AIt references a real and well-studied phenomenon (stress and memory)
BIt specifies the variables and predicts a direction that observable data could contradict
CIt is based on intuitive common sense about how stress affects performance
DIt uses a controlled experiment, which is the gold standard of scientific design
A good hypothesis is specific, falsifiable, and grounded. Option B captures the defining quality: the hypothesis names both variables, predicts a direction (fewer words recalled), and — critically — could be proven wrong if the stressed group recalled more words or the same number. Option A describes being grounded in prior work, which is necessary but not the key property. Options C and D describe aspects of the study design, not the hypothesis itself.
Question 2 Multiple Choice
A study comparing two groups finds no statistically significant difference (p = 0.23). A student concludes: 'This proves the null hypothesis — there is truly no effect.' What is wrong with this reasoning?
AA p-value of 0.23 is too large to interpret in either direction
BFailing to reject the null hypothesis only means insufficient evidence was found — it does not prove the null is true
CThe student should accept the alternative hypothesis instead, since p > 0.05
DStatistical tests can only prove hypotheses when p < 0.01
The logic of hypothesis testing is asymmetric: you can reject H₀ (by finding data that would be very unlikely if H₀ were true), but you cannot confirm H₀ by failing to reject it. A p = 0.23 means the data are not surprising under H₀ — but that is consistent with both 'there is no effect' and 'there is an effect but the study was underpowered to detect it.' The null is never proved; it is either rejected or not rejected. This is a direct application of falsification logic.
Question 3 True / False
'Positive thinking improves outcomes' is a scientific hypothesis because it predicts a relationship between two real phenomena.
TTrue
FFalse
Answer: False
Despite sounding like a prediction, this claim is not falsifiable as stated. 'Positive thinking' and 'outcomes' are too vague to operationalize and test — what counts as positive thinking?
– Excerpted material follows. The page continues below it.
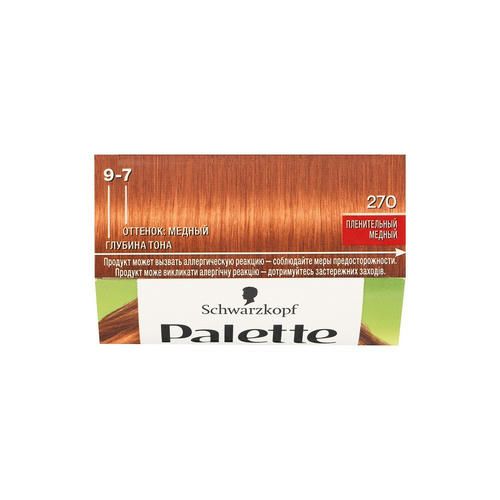 Cтойкая крем - краска Palette Фитолиния для волос 270 Пленительный медный — изображение 5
What counts as improvement? A scientific hypothesis must be specific enough that you could describe what data would count as evidence against it. A proper version might be: 'Participants instructed to use positive self-talk before a math test will score higher than a control group.' That version names the variables, specifies the direction, and could clearly be proven wrong.
Question 4 True / False
A directional (one-tailed) hypothesis is statistically more powerful than a non-directional (two-tailed) hypothesis when the expected direction is justified by prior evidence.
TTrue
FFalse
Answer: True
When you specify a direction in advance (e.g., 'treatment group will score higher, not just differently'), all of your statistical power is concentrated in one tail of the distribution rather than split between two. This makes it easier to detect a real effect in the predicted direction. However, this is only scientifically honest when prior evidence genuinely supports that direction — using a one-tailed test to get a lower p-value after seeing which way the data went is a form of p-hacking.
Question 5 Short Answer
Why is falsifiability considered the defining property of a scientific hypothesis, rather than simply whether the prediction turns out to be accurate?
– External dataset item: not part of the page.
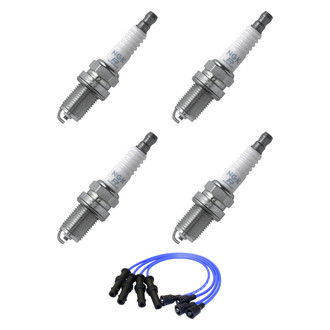 NGK® - Spark Plug Wire and Spark Plug Kit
Think about your answer, then reveal below.
Model answer: A hypothesis is falsifiable if there exist possible observations that would prove it wrong. Without this property, a claim cannot be tested — it explains everything and therefore predicts nothing. Accuracy matters too, but only if the claim was falsifiable in the first place; an unfalsifiable claim that turns out to 'match' the data has not been confirmed by science — it was never at risk of being disconfirmed.
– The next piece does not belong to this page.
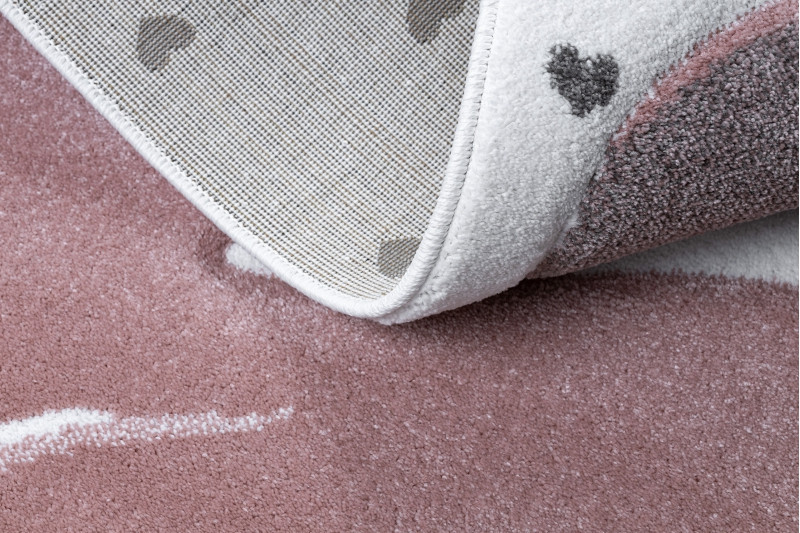 Dětský kusový koberec Petit Flamingos hearts cream č.3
Karl Popper formalized this: science advances by eliminating false theories, not by accumulating confirmations. A claim like 'invisible forces guide everything' cannot be tested because no observation could count against it. A claim like 'stressed participants recall fewer words' is specific enough that a particular outcome would refute it. The asymmetry is key — you can falsify by counterexample, but you can never fully verify by examples, since the next observation might still contradict the theory. Falsifiability is what keeps science anchored to reality.